How we built an event-driven architecture at Drop

Published in

Drop Engineering

9 min readJun 22, 2021

Drop aims to be the most personalized rewards platform in the world.

“Do things that don’t scale” is a common adage heard at early-stage startups, and building software is no exception to this rule. As a startup grows, though, unscalable software solutions need to be revisited and rearchitected, as software architecture that worked for thousands of users may not work for a user base in the millions! Here at Drop, we’re moving towards an event-driven architecture to support our scaling needs. In this blog post, I’ll cover the following topics:

what is an event-driven architecture?
how did Drop build an event-driven architecture?
what are Drop’s first use cases for an event-driven architecture?

What is an event-driven architecture?

Firstly, what is an event? An event refers to some change of state in a software system; computations that cause this state change are referred to as event producers, while computations that occur as a result of this state change are called event consumers. The goal of an event-driven architecture is to decouple our producer logic from our consumer logic.

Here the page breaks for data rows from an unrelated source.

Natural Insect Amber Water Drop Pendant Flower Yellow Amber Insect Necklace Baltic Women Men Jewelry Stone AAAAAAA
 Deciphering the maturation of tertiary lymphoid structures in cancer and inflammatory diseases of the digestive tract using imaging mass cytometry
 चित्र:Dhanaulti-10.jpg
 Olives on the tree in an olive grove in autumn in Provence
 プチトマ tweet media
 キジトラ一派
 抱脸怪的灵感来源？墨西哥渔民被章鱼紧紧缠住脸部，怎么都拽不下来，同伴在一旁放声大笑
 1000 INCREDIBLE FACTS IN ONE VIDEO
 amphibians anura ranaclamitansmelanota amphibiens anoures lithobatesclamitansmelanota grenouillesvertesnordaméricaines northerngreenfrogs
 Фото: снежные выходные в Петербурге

Consider the following Ruby on Rails code snippet:

class Foo < ApplicationRecord
  after_create :call_bar_service  private  def call_bar_service
    BarService.new.perform_async(self.id)
  end
end

In this example:

our event is an INSERT to the foos table in a SQL database
our event producer is a call to .create on Foo
our event consumer is our BarService Sidekiq job, which performs asynchronously using the new Foo instance’s ID as a parameter

The implementation of Foo has knowledge of BarService, meaning our producer and consumer are tightly coupled. We want to avoid this type of design; the above example is simple, but this type of tight coupling in a large codebase makes a software application difficult and expensive to maintain. An event driven architecture should enable a BarService to run without Foo having any knowledge of that service; in other words, these software components would be decoupled.

Kafka and the Kafka consumer

To build this decoupled event-driven architecture, we selected Apache Kafka to enable fault-tolerant, real time streaming of events. Kafka is a software bus that stores event data written by an event producer (also known as a record). This record is eventually read by an event consumer. This data is divided into different topics based on their source.

A Kafka consumer is a program that executes in response to new data being added into Kafka, and is configured to monitor specific topics that it will read event data from. Drop uses Racecar, a Kafka consumer framework written in Ruby, to consume these events and execute useful business logic upon consumption.

Debezium and data capture

If Racecar is the event consumer in this architecture, then what is the event producer? We use Debezium, an open-source change data capture (CDC) Kafka connector on top of our PostgreSQL database.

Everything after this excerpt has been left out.